Get tax breaks by investing in a SIPP

For adventurous investors, the most wide-ranging pension to suit exotic tastes is without question a self-invested personal pension.

From buying your own office and investing in unquoted shares to CFD trading and even buying a domain name, there isn't much you can't do with a SIPP.

There are around 150 providers in the UK, all offering varying investment choice and pricing models. Low-cost SIPPs, or 'SIPP-lite', often provided by online stockbrokers or insurers, have a smaller investment range and can be indistinguishable from personal pensions, whereas full SIPPs offer everything that isn't slapped with a big tax charge by HMRC.

Taxable property is the one thing that HMRC doesn't like to see in a SIPP. Ditto residential property and tangible assets such as paintings and fine wine. Gold bullion does not fall into this category, but it must be kept in a vault.

Where taxable property is held in a SIPP, the tax charges are eye-watering. First, an unauthorised payment charge of 40% of the value of the taxable property is levied against the member.

Then there is a surcharge of a further 15% if the unauthorised payment exceeds 25% of the pension fund's assets.
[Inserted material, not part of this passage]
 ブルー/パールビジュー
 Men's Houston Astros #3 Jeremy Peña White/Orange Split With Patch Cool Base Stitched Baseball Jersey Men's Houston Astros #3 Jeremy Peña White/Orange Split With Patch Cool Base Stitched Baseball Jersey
A 15% scheme sanction charge is also levied against the scheme administrator (recovered from the pension fund), plus further tax charges of 40% on any income, or deemed income, and 40% of any capital gain.

"Although it's only taxable property that incurs large tax charges, some SIPP providers still draw the line a yard back from what HMRC says is OK," Paul Gauntlett, senior pensions manager at Coutts & Co, comments.

"The provider can put on any constraints for their own benefit or to make their product cheaper. But a full SIPP should simply provide the trust structure and then make sure it keeps its nose clean with the Revenue."

Multiple SIPPs

There's nothing to stop investors from opening more than one SIPP. Younger investors may find they don't need full investment flexibility and are happy to have less choice in their SIPP, and pay less too. This means that if and when they want more options, they can open another SIPP that allows this.

Bryan Innes at wealth advisers Towry says many people do have more than one SIPP, one perhaps containing funds and then another for commercial property. And Richard Mattison, business development director at James Hay, admits that while his firm offers a 'full SIPP' many clients have a cheap SIPP too, holding stocks and funds.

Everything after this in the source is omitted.